Data below
--- START ---

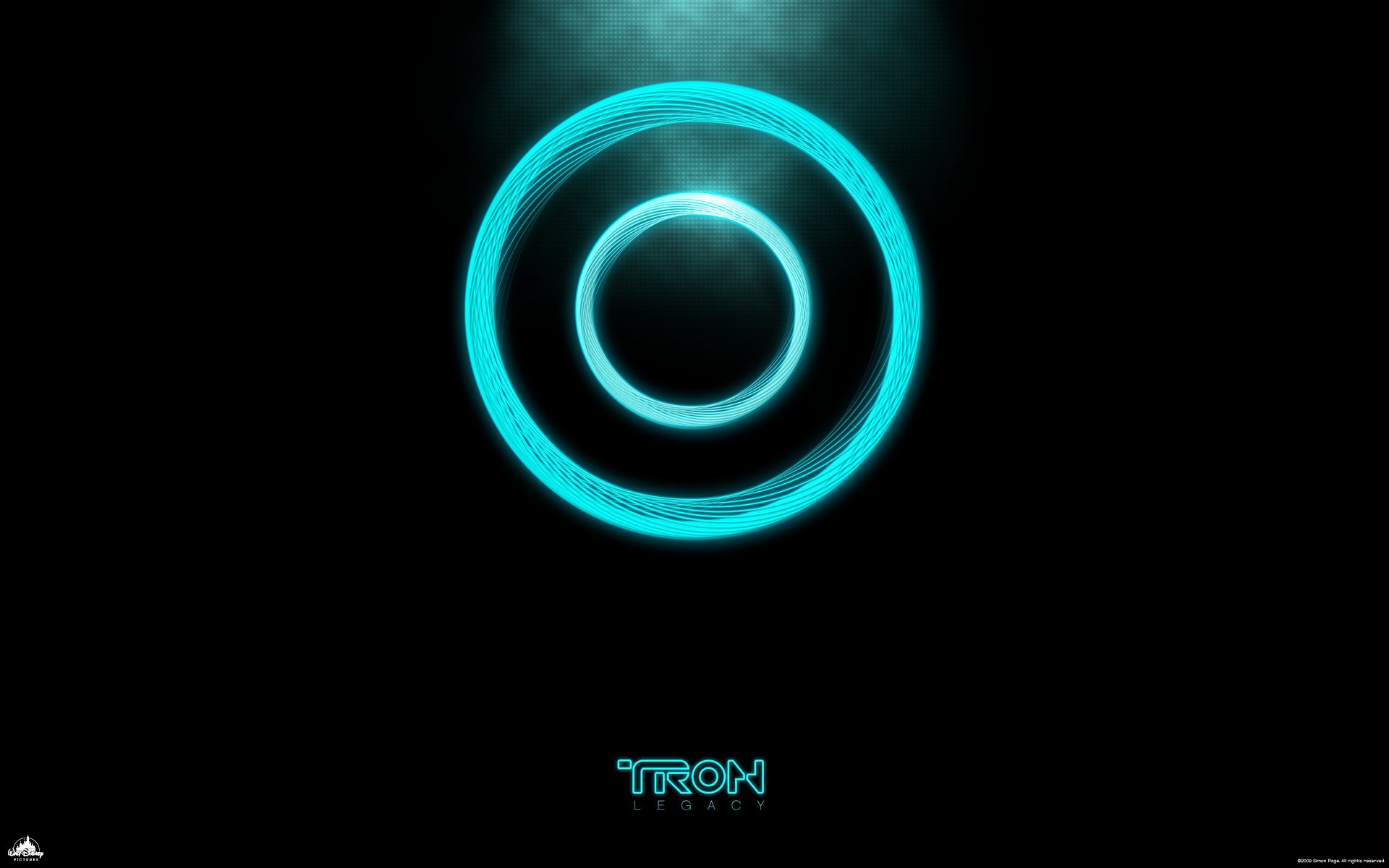 minimalism throne film tron legacy throne legacy led neon simplicity dark background blue light tron future futurism style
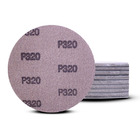 Disco Lixa Pluma Tela Net Aeme 125mm 50 Unidades - 600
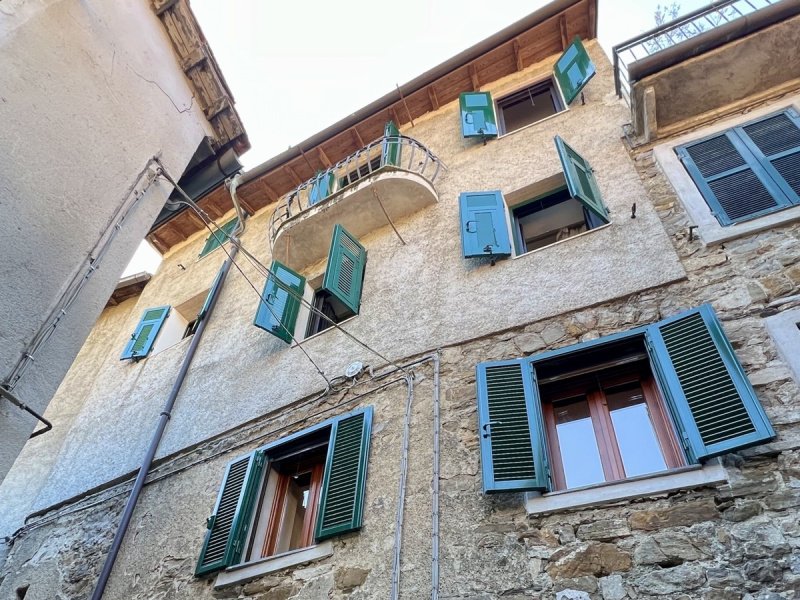 House in Apricale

--- END ---

Instructions to follow
The lines needed are those from the one containing "Disco Lixa Pluma" through the end of the listing, given again word for word and without any picture.

Answer section
 Disco Lixa Pluma Tela Net Aeme 125mm 50 Unidades - 600
 House in Apricale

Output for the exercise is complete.